## ASSIGNMENT:
Skipping any pictures, repeat exactly and only the lines from the one that holds "Putzkiste Mini Geschenkbox" to the last line of the material, both included.
◆ ◆ ◆ ◆ ◆ ◆ ◆
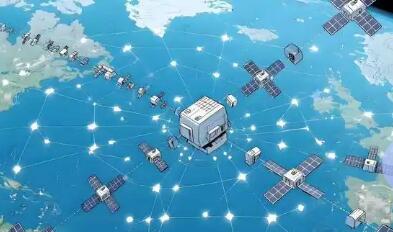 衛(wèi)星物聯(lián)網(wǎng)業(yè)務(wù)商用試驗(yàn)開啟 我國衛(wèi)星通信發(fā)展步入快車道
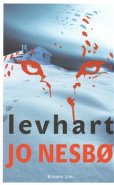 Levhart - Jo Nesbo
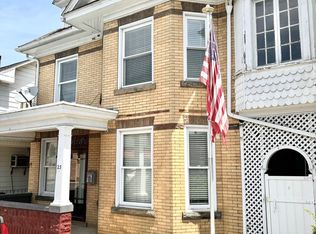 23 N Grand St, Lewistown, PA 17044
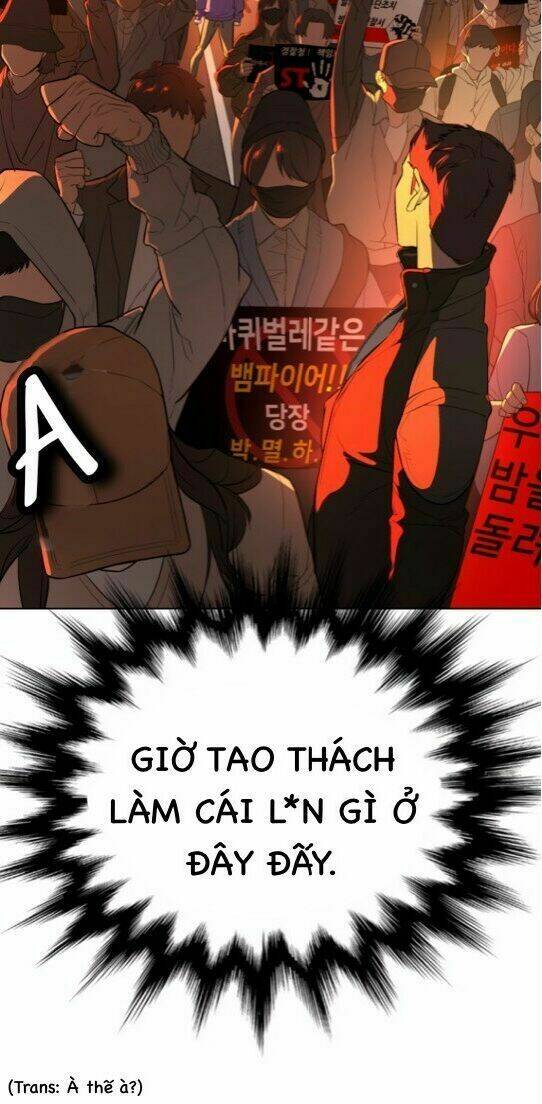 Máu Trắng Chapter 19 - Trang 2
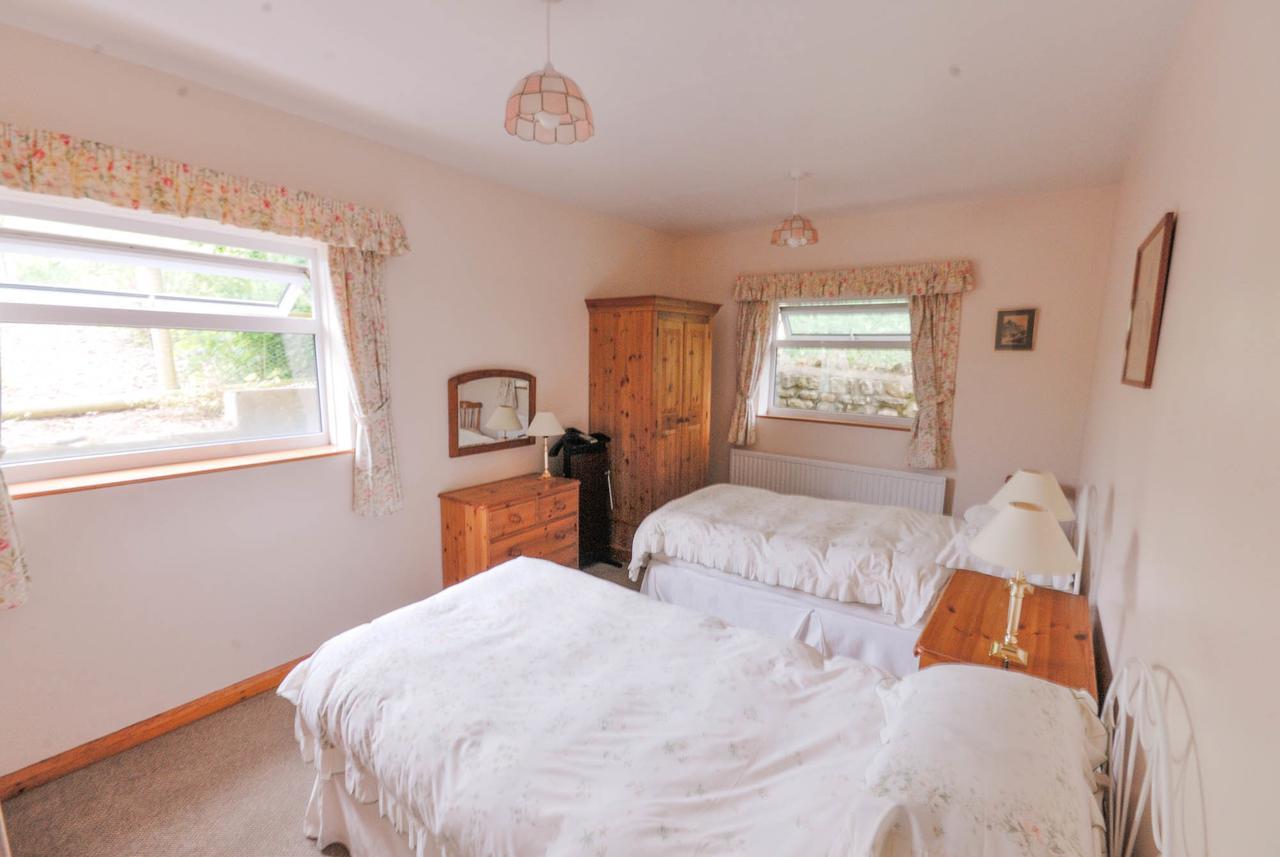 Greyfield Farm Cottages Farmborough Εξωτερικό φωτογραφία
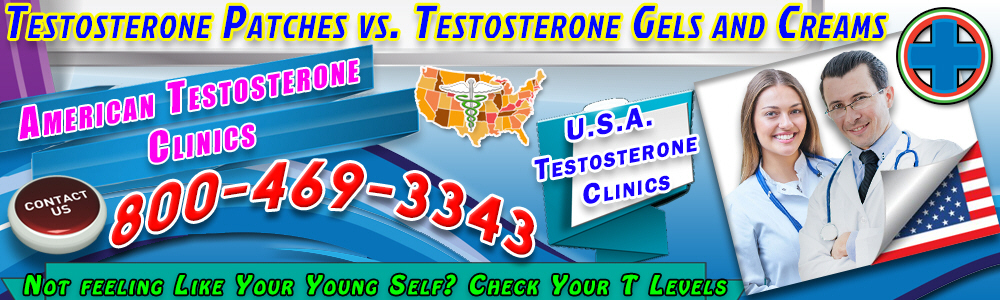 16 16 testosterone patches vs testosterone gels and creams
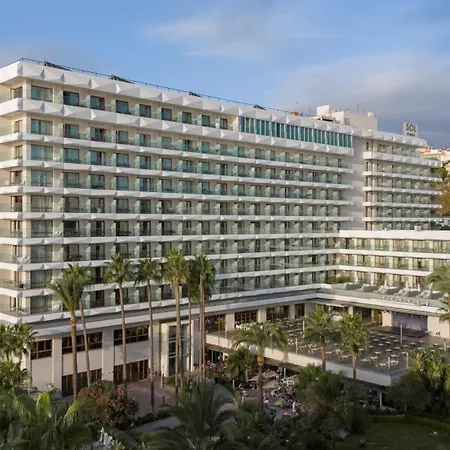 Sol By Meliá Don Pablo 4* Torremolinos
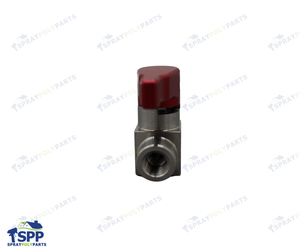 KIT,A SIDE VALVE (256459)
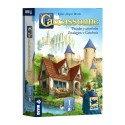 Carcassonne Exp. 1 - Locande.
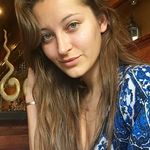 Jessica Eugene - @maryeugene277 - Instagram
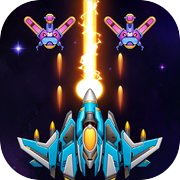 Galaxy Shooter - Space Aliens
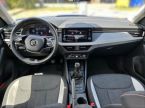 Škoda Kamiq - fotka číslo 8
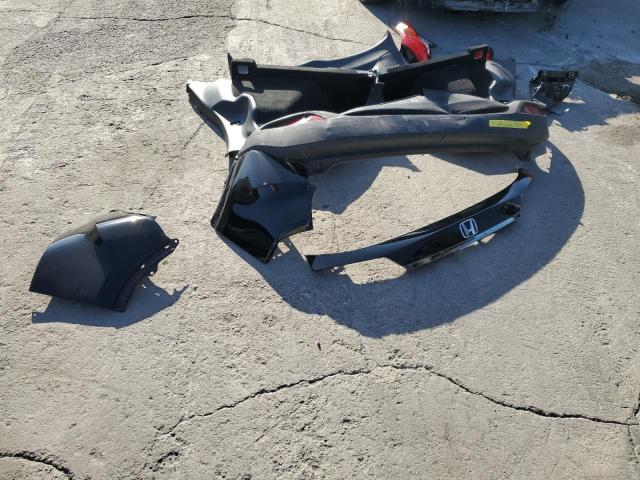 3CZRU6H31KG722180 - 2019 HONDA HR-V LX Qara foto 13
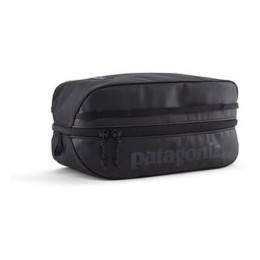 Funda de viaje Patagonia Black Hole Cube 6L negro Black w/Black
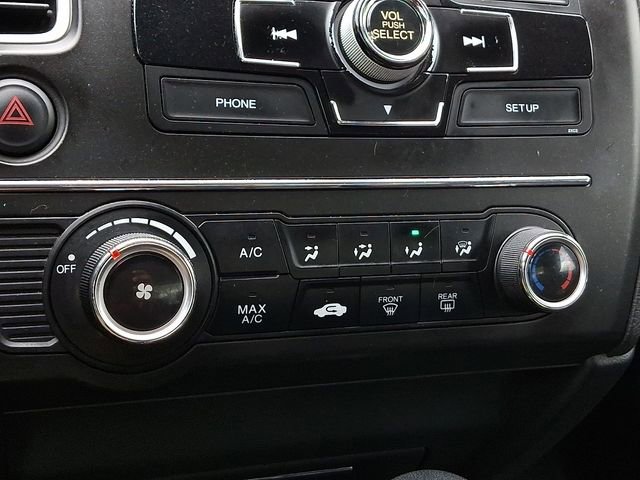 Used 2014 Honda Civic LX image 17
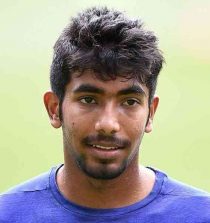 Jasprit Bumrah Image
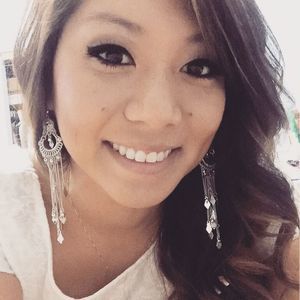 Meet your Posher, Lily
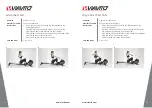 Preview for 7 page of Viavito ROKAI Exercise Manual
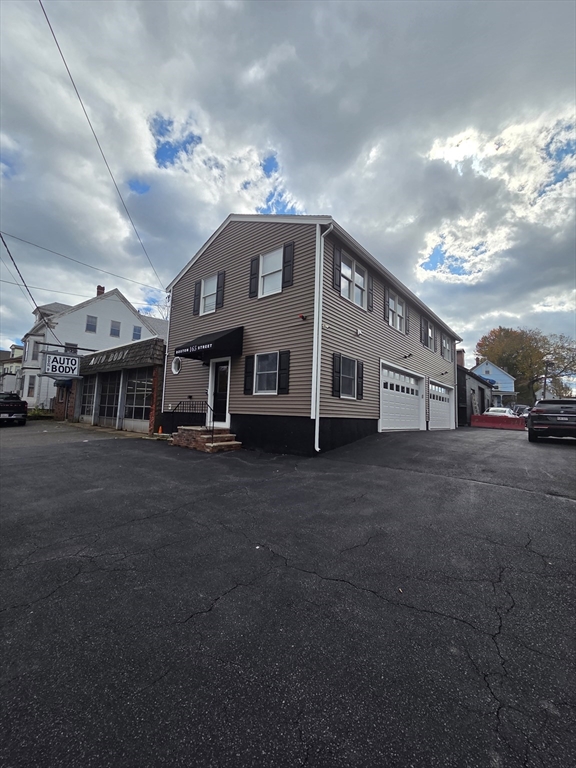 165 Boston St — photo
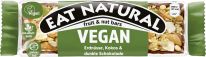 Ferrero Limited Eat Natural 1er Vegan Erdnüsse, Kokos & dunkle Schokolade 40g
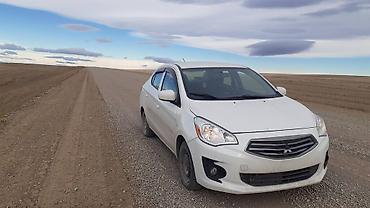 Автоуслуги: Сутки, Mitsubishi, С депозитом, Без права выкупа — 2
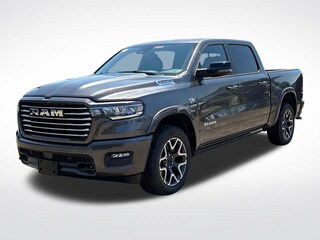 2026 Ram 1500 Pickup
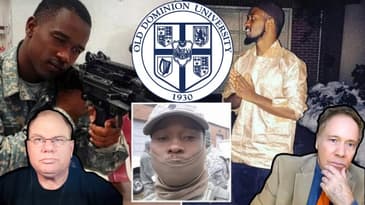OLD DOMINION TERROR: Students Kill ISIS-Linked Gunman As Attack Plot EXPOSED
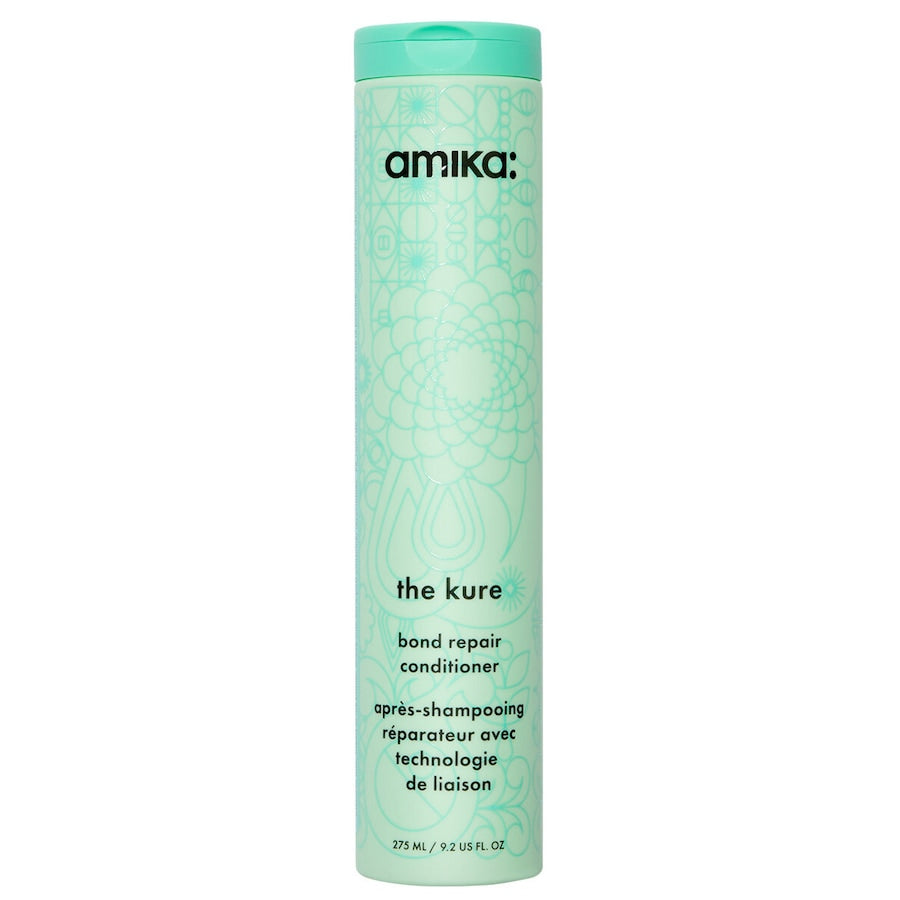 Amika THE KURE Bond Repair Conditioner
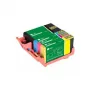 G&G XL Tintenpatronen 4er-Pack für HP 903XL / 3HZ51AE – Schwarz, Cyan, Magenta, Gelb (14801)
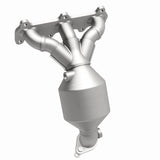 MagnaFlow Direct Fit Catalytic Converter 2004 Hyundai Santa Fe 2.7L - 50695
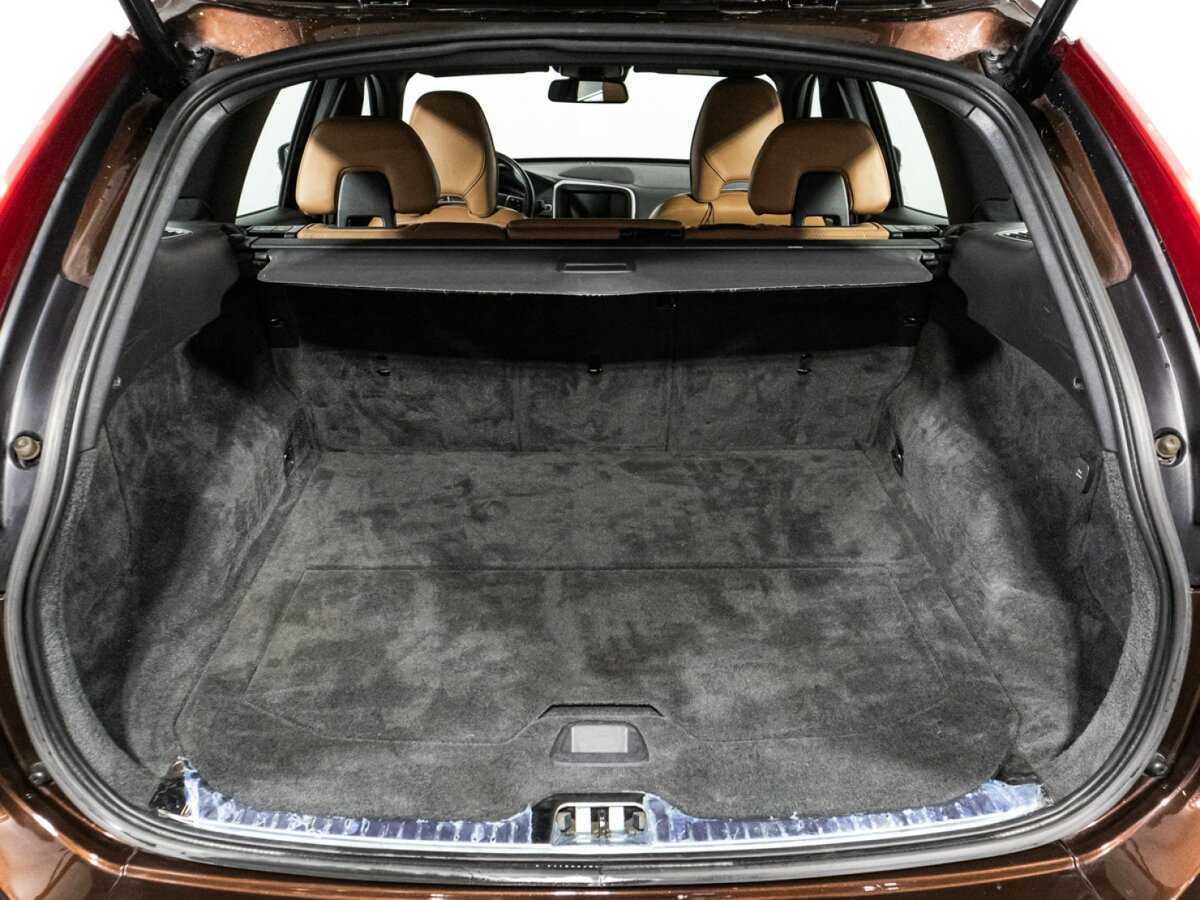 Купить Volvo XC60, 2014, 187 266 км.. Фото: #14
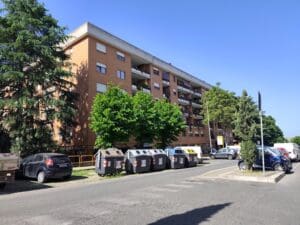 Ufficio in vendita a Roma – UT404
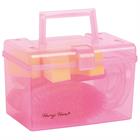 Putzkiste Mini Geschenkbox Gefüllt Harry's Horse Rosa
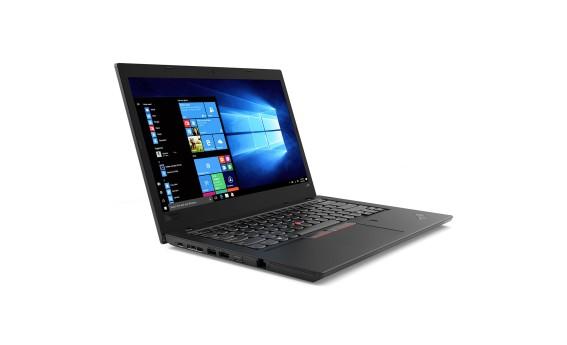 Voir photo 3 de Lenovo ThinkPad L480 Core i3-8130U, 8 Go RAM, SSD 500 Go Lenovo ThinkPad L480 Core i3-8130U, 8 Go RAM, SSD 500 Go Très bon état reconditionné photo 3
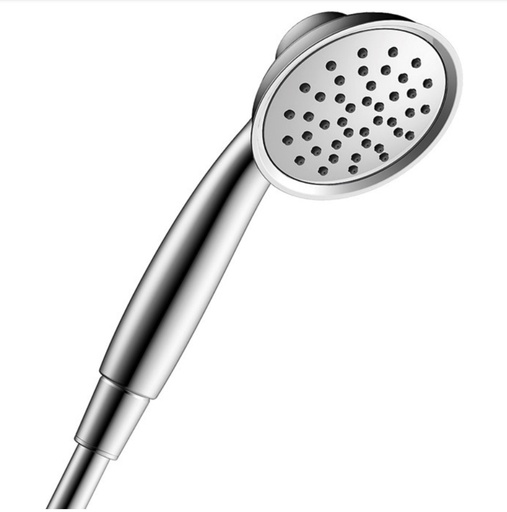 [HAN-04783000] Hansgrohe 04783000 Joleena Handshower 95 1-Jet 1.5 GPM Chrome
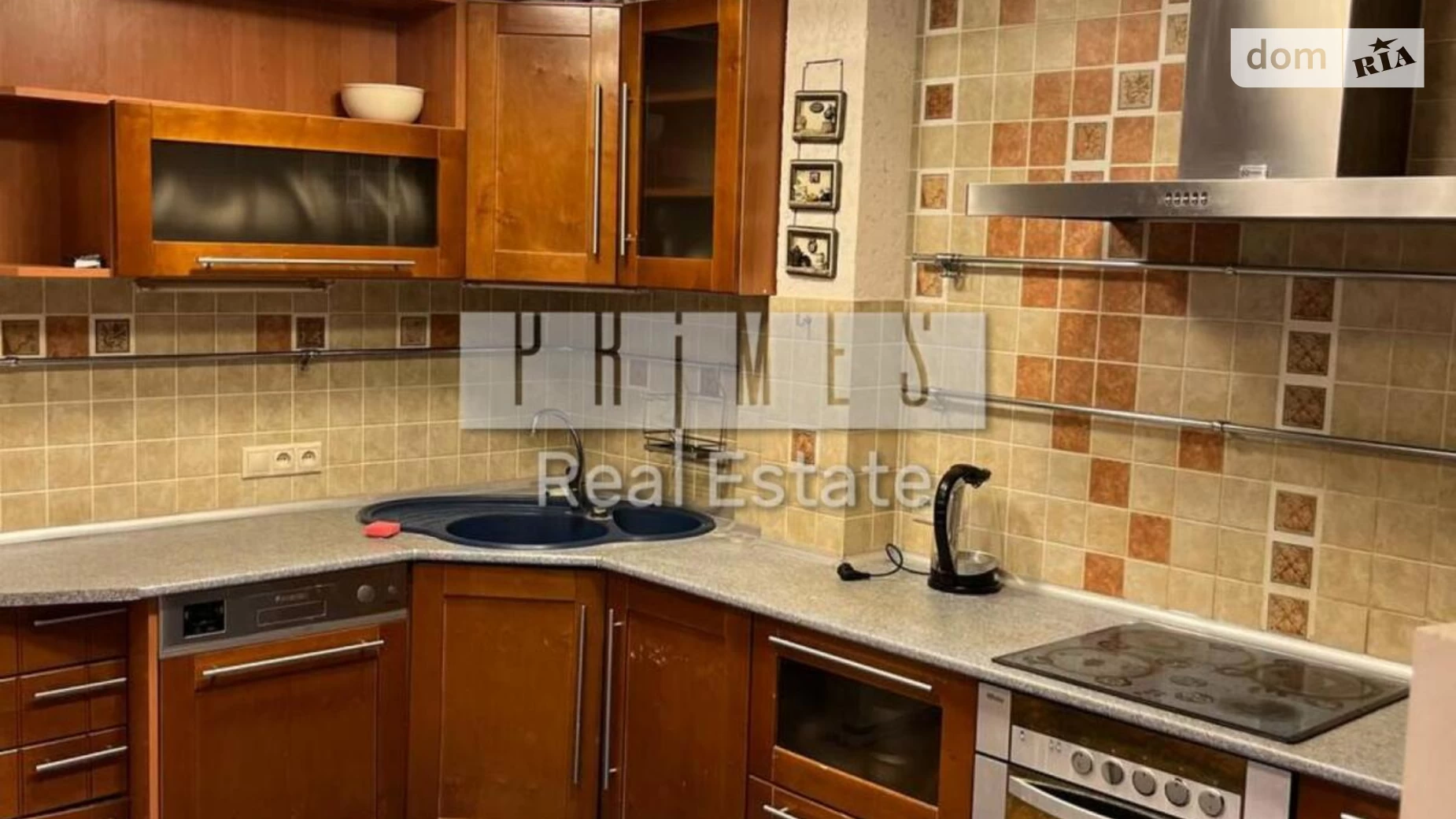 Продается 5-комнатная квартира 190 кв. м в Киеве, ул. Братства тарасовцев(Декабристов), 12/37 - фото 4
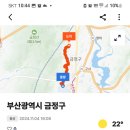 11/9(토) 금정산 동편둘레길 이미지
◆ ◆ ◆ ◆ ◆ ◆ ◆
## RESPONSE TO THE EXERCISE:
 Putzkiste Mini Geschenkbox Gefüllt Harry's Horse Rosa
 Voir photo 3 de Lenovo ThinkPad L480 Core i3-8130U, 8 Go RAM, SSD 500 Go Lenovo ThinkPad L480 Core i3-8130U, 8 Go RAM, SSD 500 Go Très bon état reconditionné photo 3
 [HAN-04783000] Hansgrohe 04783000 Joleena Handshower 95 1-Jet 1.5 GPM Chrome
 Продается 5-комнатная квартира 190 кв. м в Киеве, ул. Братства тарасовцев(Декабристов), 12/37 - фото 4
 11/9(토) 금정산 동편둘레길 이미지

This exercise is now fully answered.